◆ **WHAT YOU SHOULD DO**:
Leave out every picture, and restate word for word only the lines from the one containing "İtfaiyecilerden sağlık çalışanlarına" through the end of the material.

*** Begin section ***

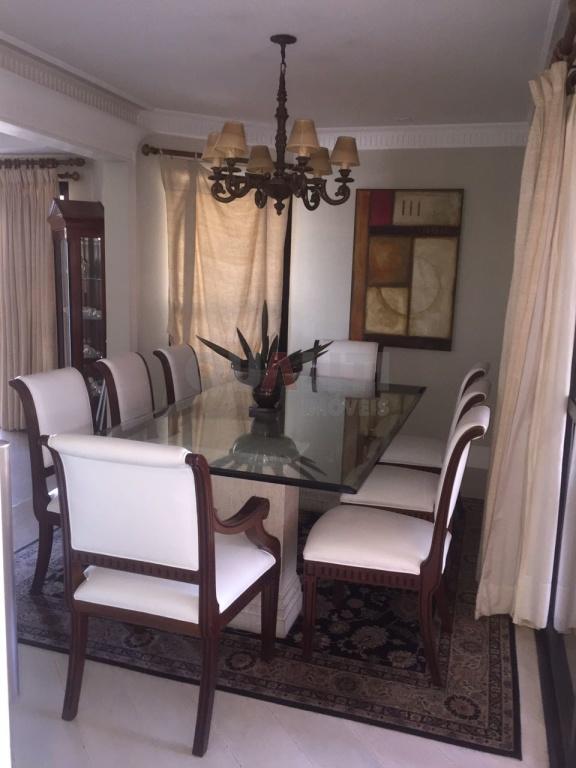 Apartamento 4 dormitórios com 2 suítes em Moema São Paulo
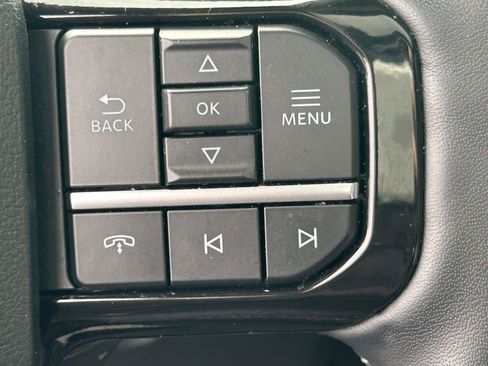 Used 2023 Ford F150 Lightning Platinum image 22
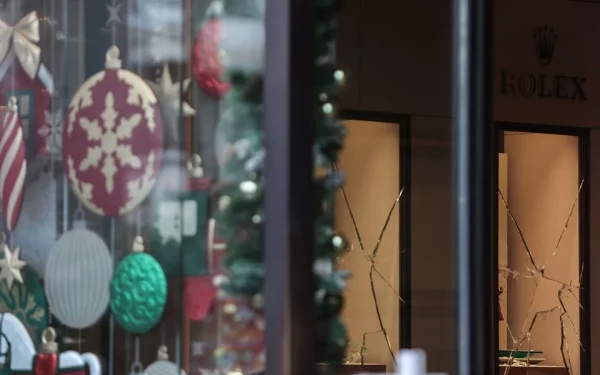 Πώς έγινε η ληστεία στη Rolex στην Αθήνα - Μαρτυρίες και φωτογραφίες 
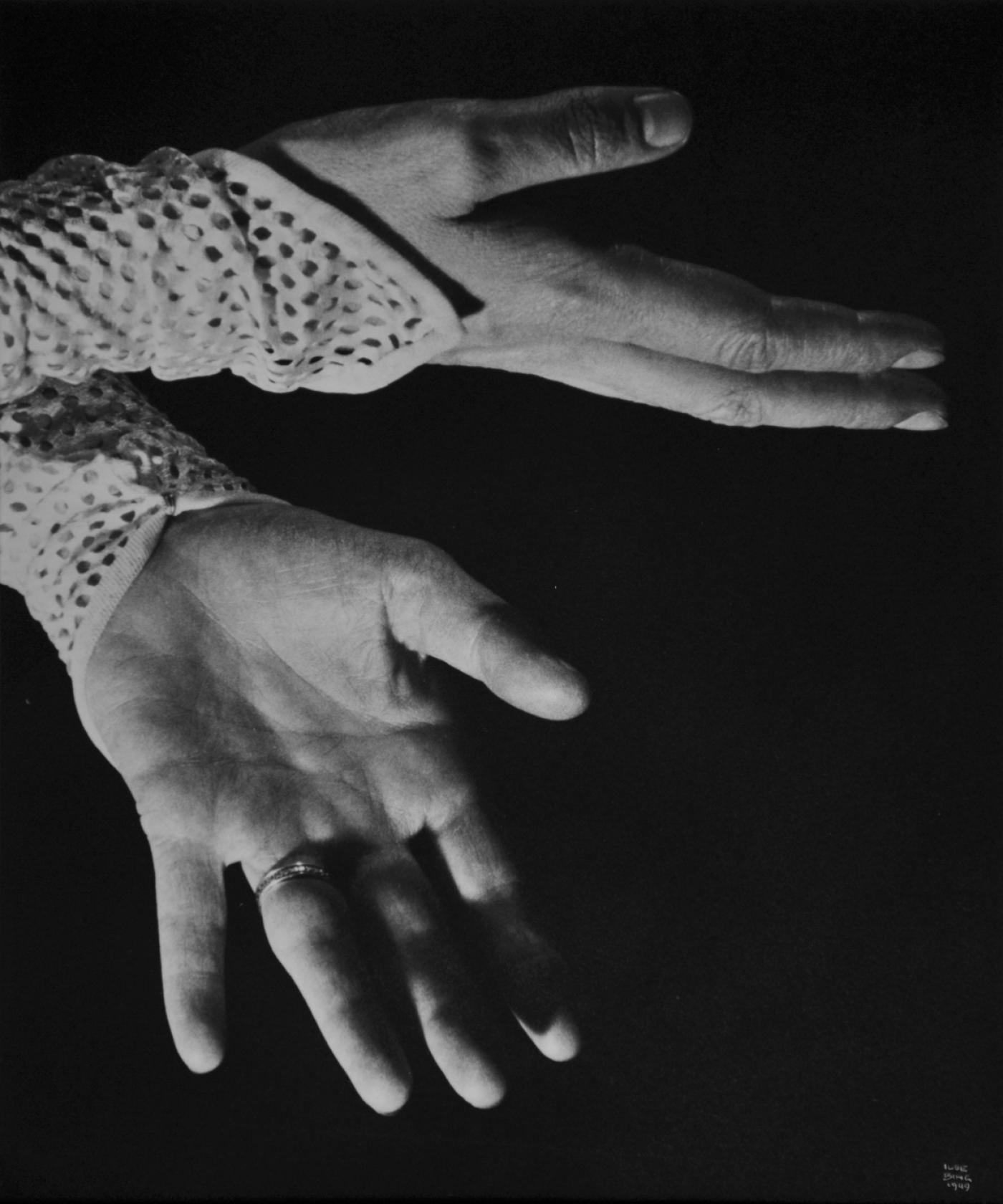 Ilse Bing , "Mains de Catherine", 1949, tirage gélatino-argentique d’époque, 31,5 x 26 cm.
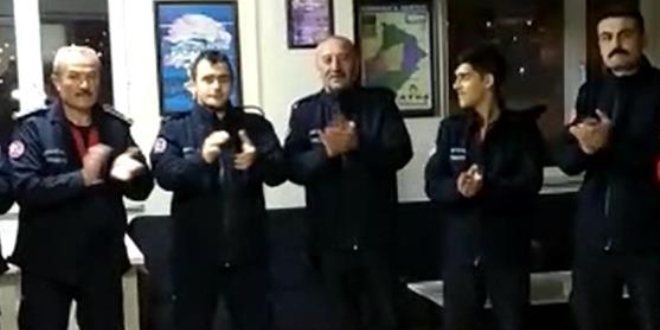 İtfaiyecilerden sağlık çalışanlarına moral alkışı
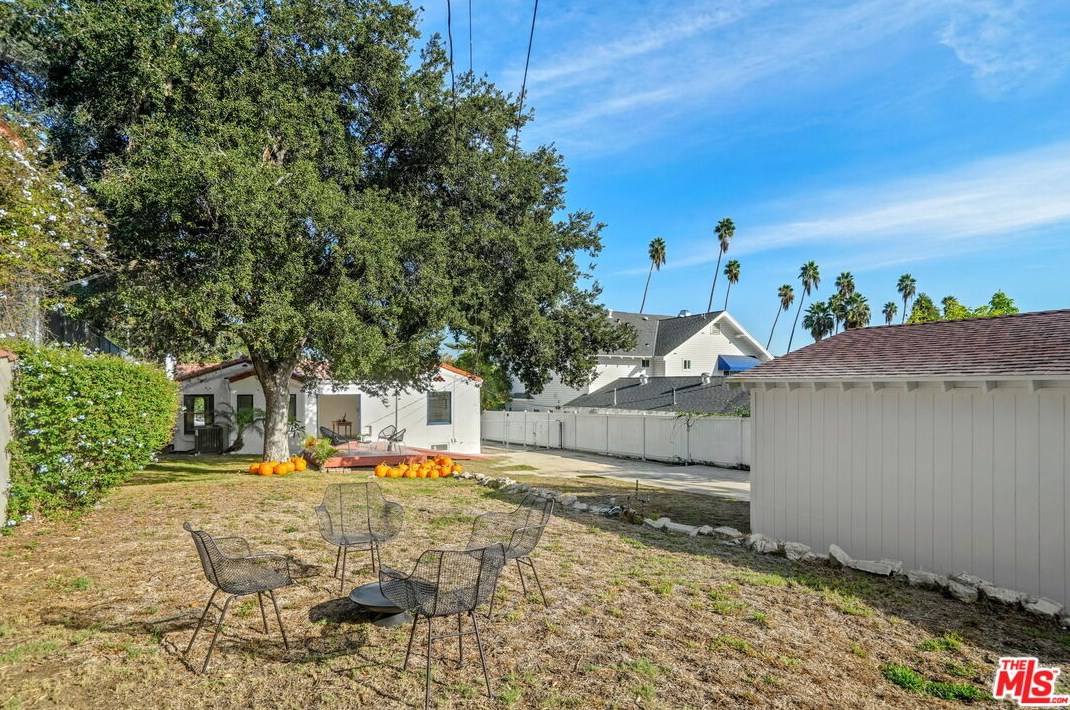 5223 Maywood Ave, Los Angeles CA  90041-1213 exterior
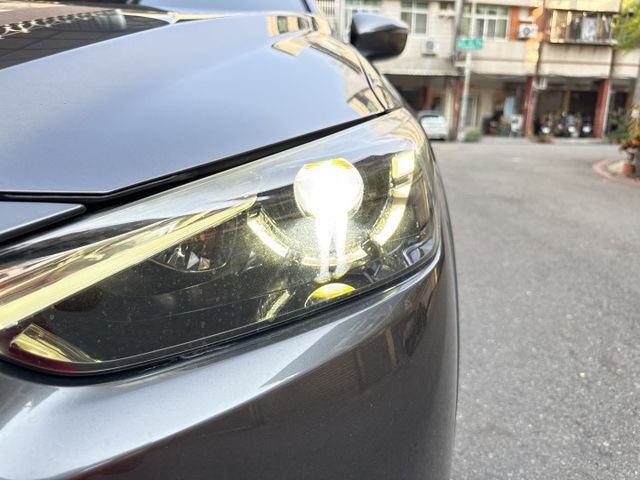 ★僅跑8萬頂級版車型+升級鋼鐵灰/衛星導航~IKEY.HUD.盲點.倒車顯影.車道偏移.AEB.LED頭燈，認證車原鈑★  第19張相片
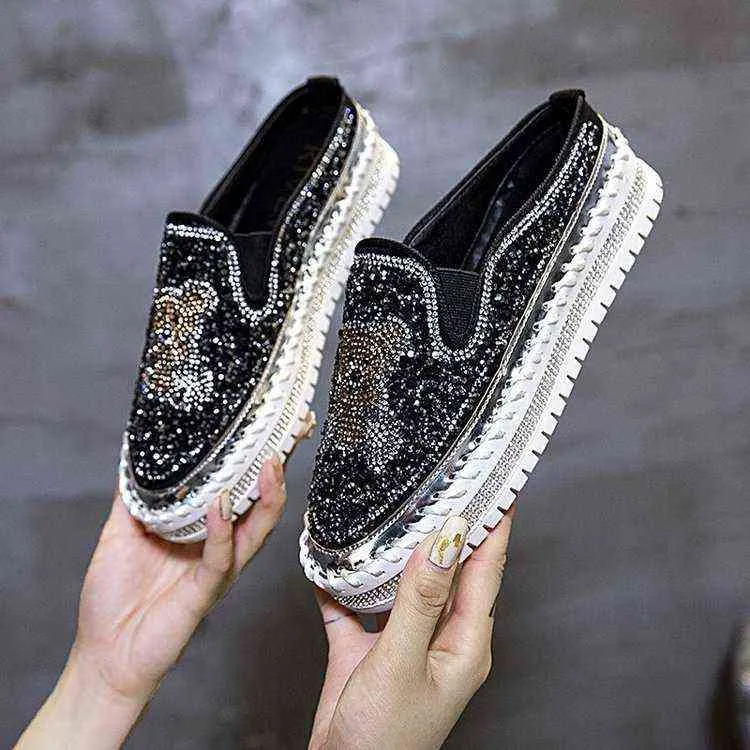 Slippers Shoes Woman Loafers House Platform Pantofle Med Cover Toe Glitter Slides Fashion New Soft Flat Jelly Luxury Pu Rub 220329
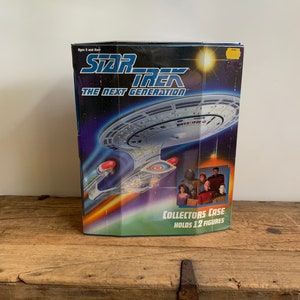 Vintage STAR TREK The Next Generation Action Figure Collector Case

*** End section ***

◆ **TASK RESULT**:
 İtfaiyecilerden sağlık çalışanlarına moral alkışı
 5223 Maywood Ave, Los Angeles CA  90041-1213 exterior
 ★僅跑8萬頂級版車型+升級鋼鐵灰/衛星導航~IKEY.HUD.盲點.倒車顯影.車道偏移.AEB.LED頭燈，認證車原鈑★  第19張相片
 Slippers Shoes Woman Loafers House Platform Pantofle Med Cover Toe Glitter Slides Fashion New Soft Flat Jelly Luxury Pu Rub 220329
 Vintage STAR TREK The Next Generation Action Figure Collector Case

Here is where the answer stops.